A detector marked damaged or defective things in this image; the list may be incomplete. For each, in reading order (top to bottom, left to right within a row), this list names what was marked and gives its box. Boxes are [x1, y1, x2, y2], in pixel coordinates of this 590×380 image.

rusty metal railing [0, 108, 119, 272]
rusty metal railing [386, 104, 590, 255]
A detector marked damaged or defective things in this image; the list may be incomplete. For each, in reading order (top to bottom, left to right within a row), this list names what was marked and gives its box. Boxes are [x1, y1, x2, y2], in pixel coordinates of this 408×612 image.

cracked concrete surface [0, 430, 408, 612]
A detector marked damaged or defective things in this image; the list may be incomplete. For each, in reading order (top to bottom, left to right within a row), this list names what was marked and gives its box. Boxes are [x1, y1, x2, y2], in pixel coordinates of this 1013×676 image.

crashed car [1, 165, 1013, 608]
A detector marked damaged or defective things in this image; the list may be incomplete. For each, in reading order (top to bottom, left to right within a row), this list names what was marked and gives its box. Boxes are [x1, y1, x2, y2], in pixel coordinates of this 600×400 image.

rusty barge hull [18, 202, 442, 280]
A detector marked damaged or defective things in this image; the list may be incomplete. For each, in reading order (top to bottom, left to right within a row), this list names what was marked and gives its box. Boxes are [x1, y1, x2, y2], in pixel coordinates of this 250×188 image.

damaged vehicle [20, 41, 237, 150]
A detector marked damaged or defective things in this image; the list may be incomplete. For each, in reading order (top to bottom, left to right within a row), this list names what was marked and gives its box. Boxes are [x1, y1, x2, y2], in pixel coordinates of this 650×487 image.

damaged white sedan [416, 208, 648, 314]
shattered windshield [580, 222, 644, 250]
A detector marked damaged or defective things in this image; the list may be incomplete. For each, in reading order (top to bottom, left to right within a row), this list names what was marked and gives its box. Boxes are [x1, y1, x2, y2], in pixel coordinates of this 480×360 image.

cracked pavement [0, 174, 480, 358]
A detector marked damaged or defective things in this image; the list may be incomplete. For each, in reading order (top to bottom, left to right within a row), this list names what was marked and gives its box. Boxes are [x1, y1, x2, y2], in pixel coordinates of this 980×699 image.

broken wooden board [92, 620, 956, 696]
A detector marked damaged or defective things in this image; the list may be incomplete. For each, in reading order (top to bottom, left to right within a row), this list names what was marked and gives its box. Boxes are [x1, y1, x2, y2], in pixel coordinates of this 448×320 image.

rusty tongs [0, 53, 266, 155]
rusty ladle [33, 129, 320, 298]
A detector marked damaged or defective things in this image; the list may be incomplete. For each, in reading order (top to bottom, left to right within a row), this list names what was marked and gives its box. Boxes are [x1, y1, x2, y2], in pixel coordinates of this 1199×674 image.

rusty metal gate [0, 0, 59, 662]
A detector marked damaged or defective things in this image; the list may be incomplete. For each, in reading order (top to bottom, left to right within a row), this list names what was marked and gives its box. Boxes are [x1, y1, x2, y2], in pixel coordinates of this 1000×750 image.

==============================

**GOAL OF THE EXERCISE**
Extract, verbatim, the lines from the one containing "this 480×360 image." through the last line of the listing above.

**SOLUTION**
A detector marked damaged or defective things in this image; the list may be incomplete. For each, in reading order (top to bottom, left to right within a row), this list names what was marked and gives its box. Boxes are [x1, y1, x2, y2], in pixel coordinates of this 480×360 image.

cracked pavement [0, 174, 480, 358]
A detector marked damaged or defective things in this image; the list may be incomplete. For each, in reading order (top to bottom, left to right within a row), this list names what was marked and gives its box. Boxes are [x1, y1, x2, y2], in pixel coordinates of this 980×699 image.

broken wooden board [92, 620, 956, 696]
A detector marked damaged or defective things in this image; the list may be incomplete. For each, in reading order (top to bottom, left to right within a row), this list names what was marked and gives its box. Boxes are [x1, y1, x2, y2], in pixel coordinates of this 448×320 image.

rusty tongs [0, 53, 266, 155]
rusty ladle [33, 129, 320, 298]
A detector marked damaged or defective things in this image; the list may be incomplete. For each, in reading order (top to bottom, left to right within a row), this list names what was marked and gives its box. Boxes are [x1, y1, x2, y2], in pixel coordinates of this 1199×674 image.

rusty metal gate [0, 0, 59, 662]
A detector marked damaged or defective things in this image; the list may be incomplete. For each, in reading order (top to bottom, left to right within a row), this list names what was marked and gives its box. Boxes are [x1, y1, x2, y2], in pixel coordinates of this 1000×750 image.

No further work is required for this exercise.